Operator: Thank you. [Operator Instructions]. Our first question goes to Rupert Merer of National Bank. Rupert, please go ahead. Your line is open.

Rupert Merer: Hi, thank you. Good morning. Thanks for taking the question. I respect that, you can't talk about your own strategic review process, but I'm wondering if maybe you can talk about the M&A market. You are active in the M&A market. Are you seeing any improvements there? Does the market look healthy? Do you see a number of competitive buyers in the market today? And is that dynamic changing? Has it changed at all over the last few months? It seems like there is a little bit of an increasing optimism in the U.S. market in particular.

Santiago Seage: Okay. Thanks for the question, Rupert. So, I'm going to talk about the M&A market. We see ourselves, meaning projects, let's say, of an average size. As you can see ourselves, we are finding opportunities where we believe that we can achieve reasonable or good returns. An example would be the acquisition in the UK. We do believe in general that at least in the part of the market we see, which again is the mid-size part of the market in many cases operating assets, what we do see is that probably 1 year, 1.5 year ago it was difficult to match sellers and buyers' expectations, and in the last few quarters, what we are seeing is that probably the success rate is higher. In our case, we closed this acquisition in the UK. We closed the divestiture of the Monterrey project. So, we do believe, if you were referring to that, that the M&A market we see probably is more active and we are seeing a higher success rate than 1 year or a 1.5 year ago.

Rupert Merer: Now in the U.S. market, the optimism is partly related to potential for falling rates, but also we're seeing a lot of optimism around the data center market and speculation that could drive interest for attractive off-takes in some of the markets you're involved with. Are you in touch with this market in any way? Are you seeing potential for off-takes for data centers? And if so, can you comment on say how much of the market you think could be, or the growth potential could be driven by that market and what the return potential looks like?

Santiago Seage: Yes, in general, I'm talking about the U.S. market, we do believe that at this point in time, you can close off-take agreements at reasonable prices. We do see opportunity all across, not only in data centers, where probably over the last few months, lots of people have been writing about that opportunity, but I would take a step backwards and our point of view is that there's an opportunity in general in the market. We do see utility signing PPAs and we have signed PPAs with them. We see community choice aggregators or similar off-takers being very important in the market. We see strategic or industrial, or corporate clients being very active in the market, which helps. We do see obviously the data center opportunity as well. Myself, I would not be able to answer your question of how large it will be. I think that like with many things, there's a little bit of hype at this point in time out there. I think that it's going to become a meaningful part of the market, no question. Whether we are going to reach some other projections, some people have been talking about, time will tell. We are active in all segments of the market, including that one. As I mentioned before, with today's technology, being able to mix solar or different renewable energy generation technologies plus storage, if needed other solutions, I think that we and other companies in the industry, we are able to provide solutions that are key in order to be able to obtain clean power for a much longer period of time during the day than a few years ago. That's important for data centers and for many other clients as I mentioned before.

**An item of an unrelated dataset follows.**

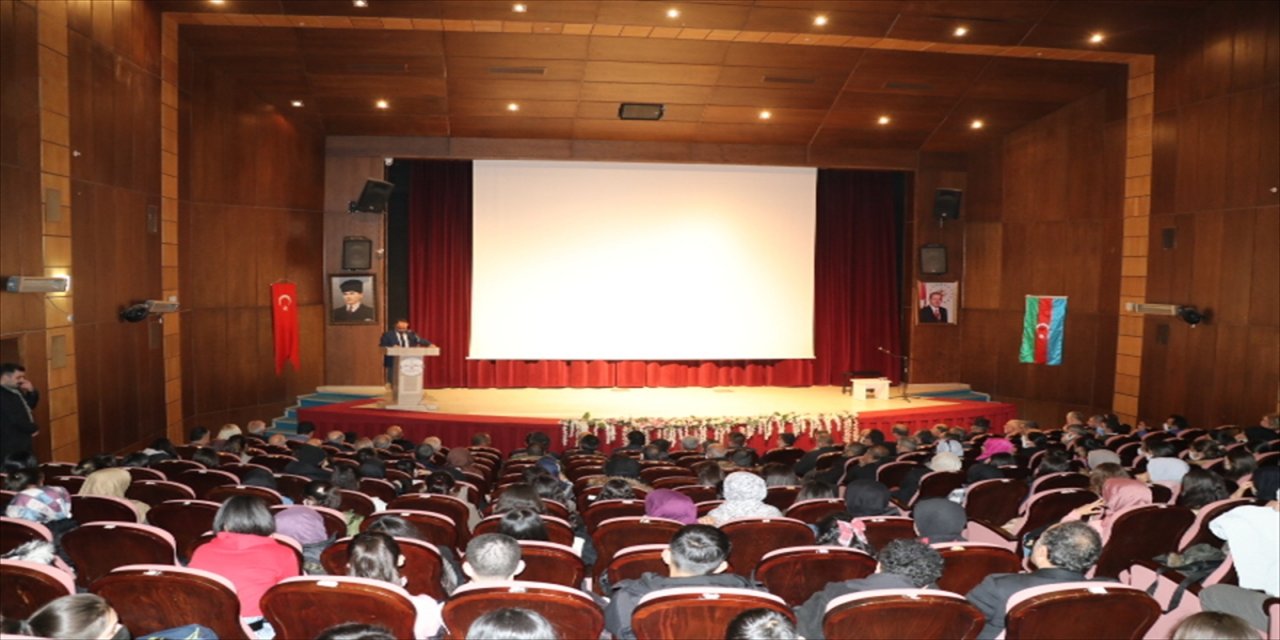 Iğdır'da "20 Ocak Katliamı" şehitleri anıldı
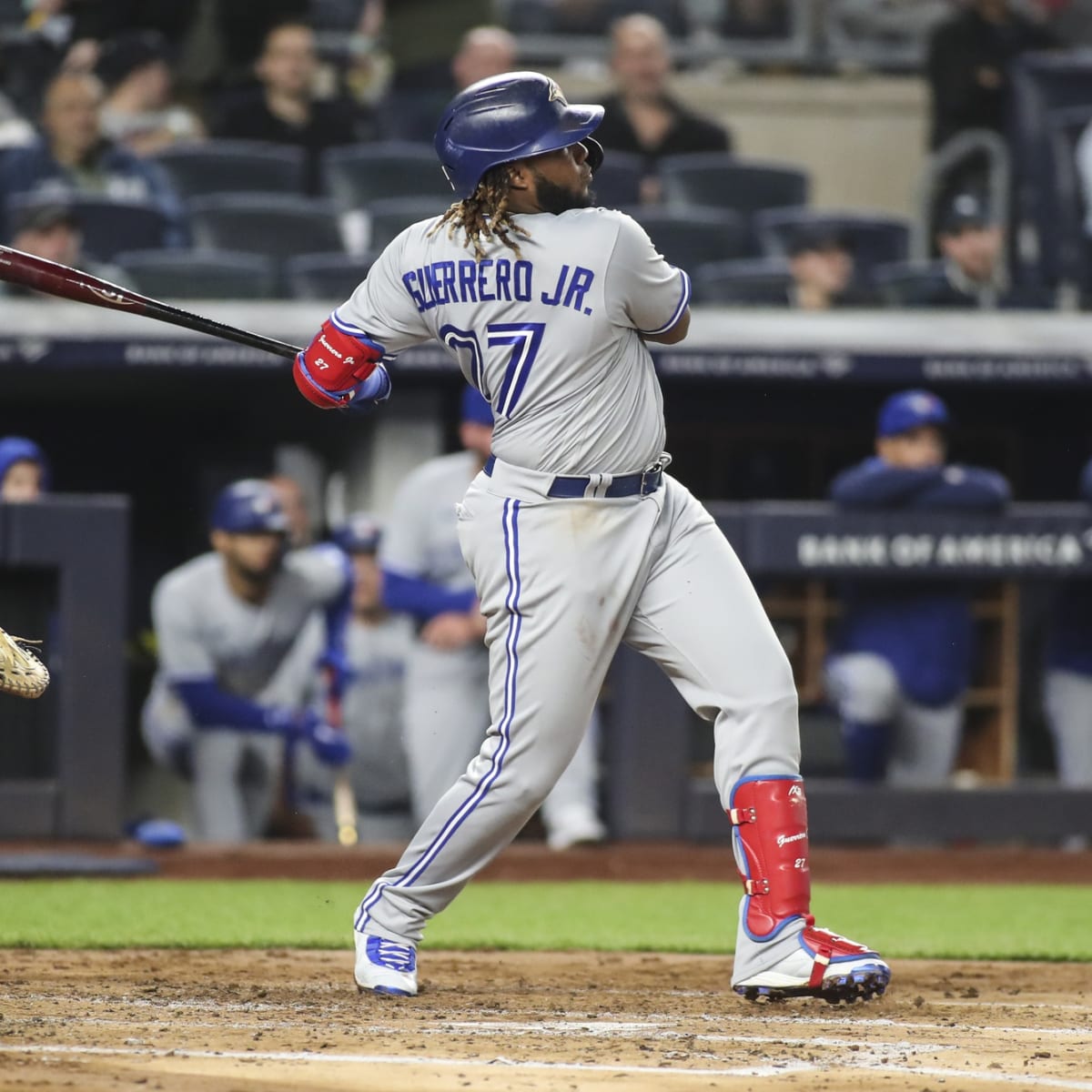 Vladimir Guerrero blasts home run in softball game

Rupert Merer: Very good. I'll leave it there. Thank you very much.

Santiago Seage: Thank you.

Operator: Thank you. The next question goes to Nelson Ng of RBC Capital Markets. Nelson, please go ahead. Your line is open.

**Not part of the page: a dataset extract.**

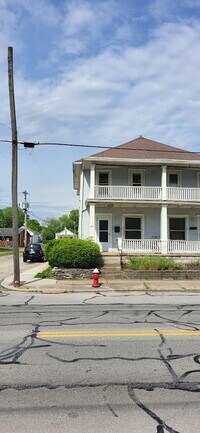Building Photo - 2 Bedroom Apartment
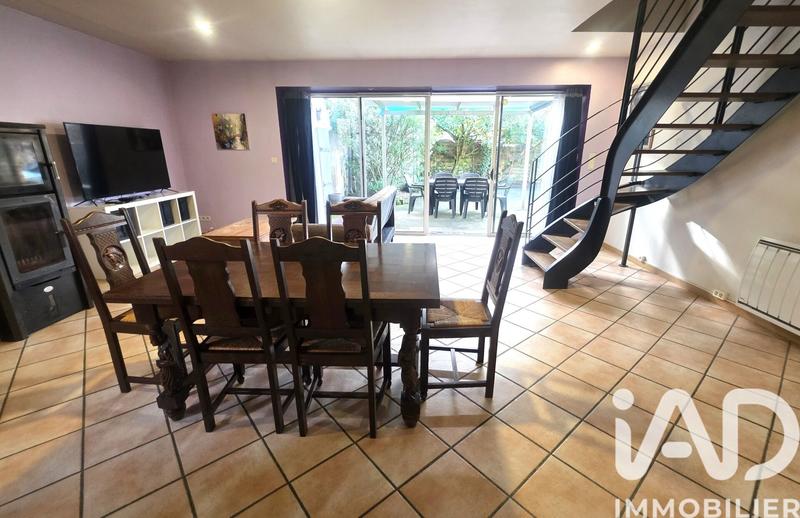 Maison - 162 m² - 7 pièces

Nelson Ng: Great. Thanks everyone. My first question just relates to the Monterrey project. Do you see that as a one-off sale, or are you actively looking at other asset sales?

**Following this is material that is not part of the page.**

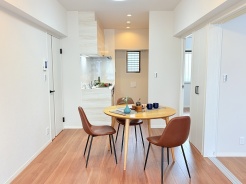 家具も配置し実際の生活もイメージしやすくなっています。ぜひ現地でご覧ください。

Santiago Seage: So, I mean, as part of our strategy, asset rotation will be part of the things we will be doing, and we will be looking at different opportunities. Obviously, the numbers need to work, meaning we need to have a situation where we believe that a third party would be willing to pay more than what we believe is the value for us of the asset. But, to your question, the answer would be yes, obviously. We are open to looking at other opportunities if the numbers work.

Nelson Ng: Okay, great. Then just looking at California, in terms of the new project, the new development, Imperial, can you just give us a bit more color on the acquisition of that development? Was it a competitive process? Are there additional payments that you might need to make in the future based on milestone payments?

Santiago Seage: Yes, so this is a project under development, very advanced development. As I mentioned before, we expect the project to be ready-to-build within this year. So, it's a very advanced development that we purchased from Algonquin. Like in most projects you acquire in an advanced development stage, there are milestones where we would be making payments following when those milestones are met. The good thing about the project is that, as I mentioned before, it is in our backyard if you want. So, we feel very comfortable thanks to the fact that we continue building critical mass in the Southwest. It has a very good PPA that we signed recently, a bit after the acquisition, and it's one of those PPAs we like with a very good off-taker. So, we are fairly comfortable that this project will result in a good addition to our portfolio.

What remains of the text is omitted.